The official song dropped eight months and (personally) hundreds of loops of the IG clip later. Despite turning out to be an official remix including The Weeknd and Chance the Rapper, the full version of the track was an utter disappointment. Young Thug’s part was almost entirely encapsulated within the IG video (good), but there’s all this other crap - practically the entirety of the existing release of Pass Dat, Chance the Rapper saying something, an utterly uninspired verse from The Weeknd (bad). I listened to it once or twice, then returned to a looped version of Thug’s snippet that I had downloaded and spent the past eight months with.

For those eight months, however, the hypothetical full remix of Pass Dat just might have been my favorite song. It could have been anything! And the one part that we had was so good.

4.

Post Malone’s Rockstar has just begun its third week as the number one song in the country. As detailed here, its chart performance has been greatly assisted by the massive success of a YouTube video, uploaded by a record label source, of a three-and-a-half-minute loop of the song’s chorus.

5.

In late 2014, I went up to DC to see a DJ set by Kode9, the head of the Hyperdub label. While he’s a big name in his own right, the main appeal of seeing Kode9 DJ is the prospect of hearing a preview of some unreleased music from a mysterious Hyperdub bloke named Burial. While Burial has released plenty of music, most of it acclaimed, devoted fans are intimately familiar with a particular unreleased snippet called Feral Witchchild, which is now going on a decade of existence as no more than the 34 seconds linked above. Pretty cool, right? What brought the song to that point? Where does it go after? Lots of people have ideas (to the point that several mediocre electronic musicians have attempted to piece together an entire 3-4 minute tune from the preview), but there’s no possible full Feral Witchchild that can satisfy the majority. It’s never coming out.

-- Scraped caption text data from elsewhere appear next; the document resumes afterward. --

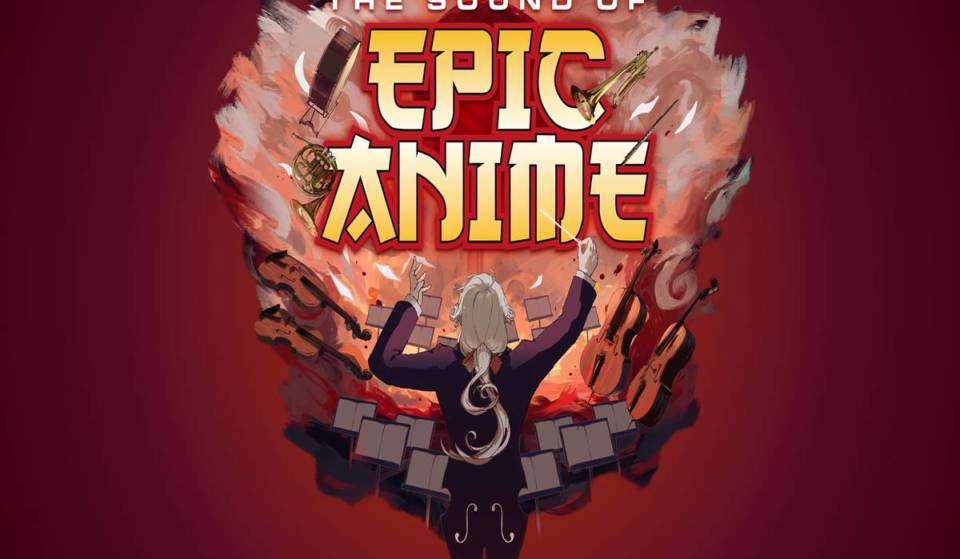 Erlebt Epic Anime Sound live in einem epischen Orchesterkonzert, gespielt vom Prague Royal Philharmonic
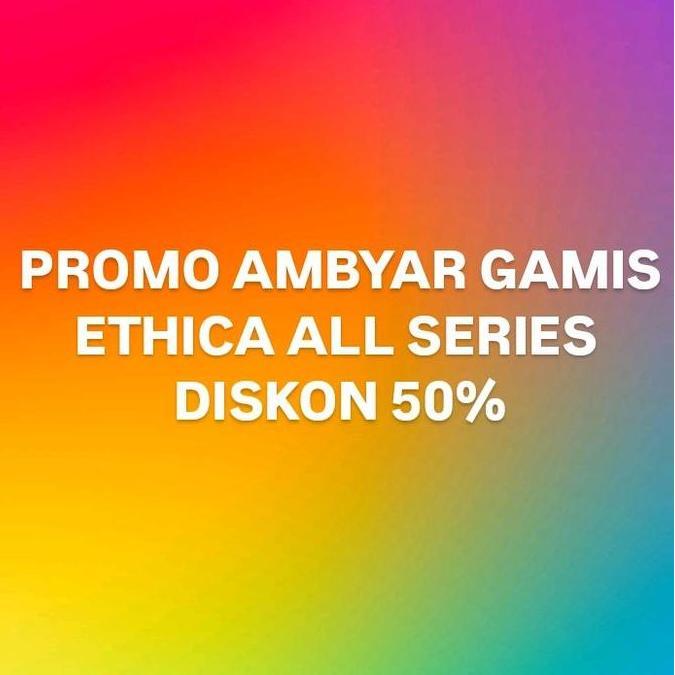 PROMO AMBYAR GAMIS ETHICA ALL SERIES DISKON 50%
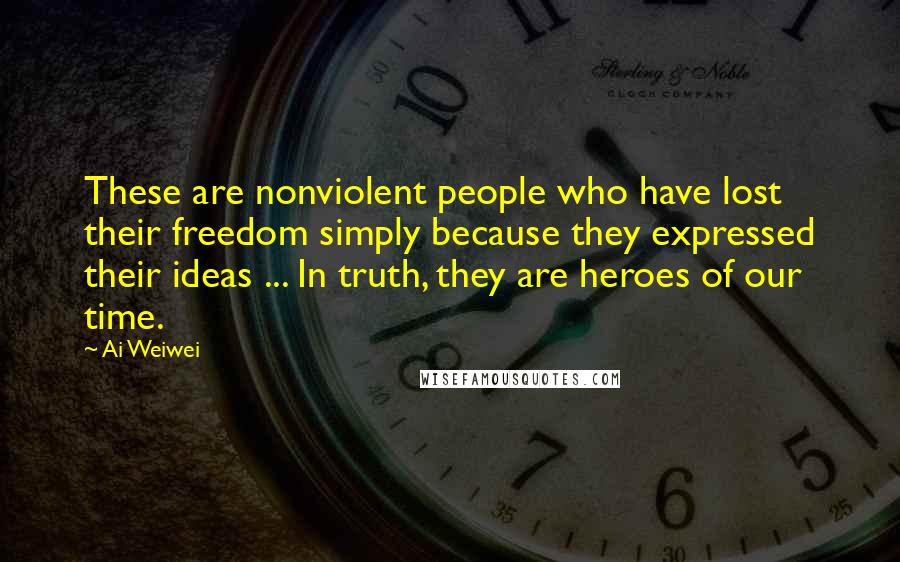 Ai Weiwei Quotes: These are nonviolent people who have lost their freedom simply because they expressed their ideas ... In truth, they are heroes of our time.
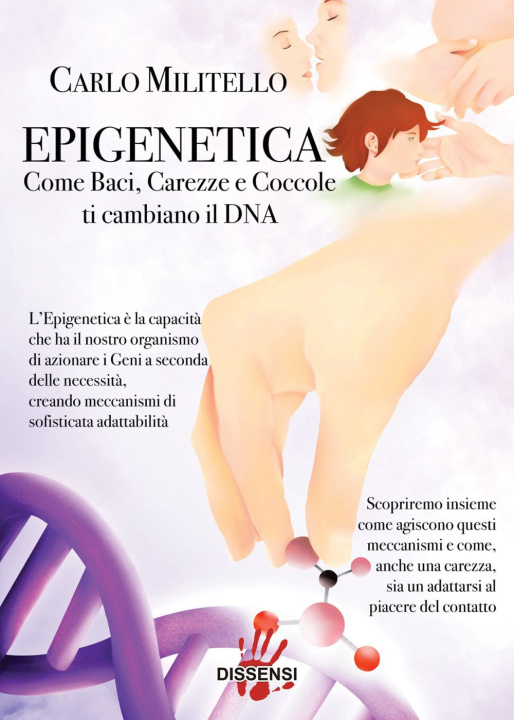 Carte Epigenetica. Come baci, carezze e coccole ti cambiano il DNA Carlo Militello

Kode9 didn’t play any Burial that night, but he did play a Hudson Mohawke track called Chimes. It had been released by that point, but for about two years prior Chimes had been something of a holy grail of unreleased tracks for myself and a couple of friends. Again, sounds great right? Probably a lot of cool shit going on before and after the big ol’ brass section. Especially when it sounds like there’s going to be another drop right when the BBC rip cuts out! Yet Chimes too disappoints; little more than the BBC rip played twice, even the additional fidelity of a proper studio release takes away from the effect. It’s no coincidence that these vaunted 30-second bangers disappoint when they see an actual release; the snippet is now as valid a musical form as the song itself.

6.

Burial's music has always been about an extremely specific feeling: walking home from the club on darkened London streets, half-formed memories and strains of melody that you'll never hear again echoing around your head. In late 2012, Burial finally leaned into the snippet thing with the release of Truant / Rough Sleeper, a twenty-five minute tribute to pirate radio by way of disjointed, contextless snippets put back-to-back-to-back and separated only by static. It's his best work by far.

7.

On a mountaintop just outside the city of Oaxaca, Mexico lie the ruins of the ancient Zapotec city of Monte Albán. One of the largest Mesoamerican city-states of the pre-Hispanic era, Monte Albán was inhabited for thirteen consecutive centuries before it was abandoned nearly overnight for reasons still unknown. Its lands were split up into numerous minor territories, which co-existed in relative peace until the Spanish conquest. Today, Monte Albán is regarded as one of the most important and best-preserved archeological sites of the pre-Hispanic era.

8.

It’s beyond cliche to quote it now, but Neil Young once sang It's better to burn out / Than to fade away on My My, Hey Hey (Out Of The Blue). That was a song about Johnny Rotten, but the sentiment is applicable more generally. There’s a compelling theory going around that the music media takes one extra album to catch up to when an artist falls off - specifically, that Arcade Fire actually began to suck with Reflektor but that no one was willing to call it out until Everything Now. It's an unfortunate phenomenon; there’s nothing worse than quitting something and realizing that the preceding six months or whatever was lost time, a slow slide downwards before the realization that there’s a cliff ahead.

9.

The ultimate triumph of the snippet is that it can prosper even after the release of the unabridged work.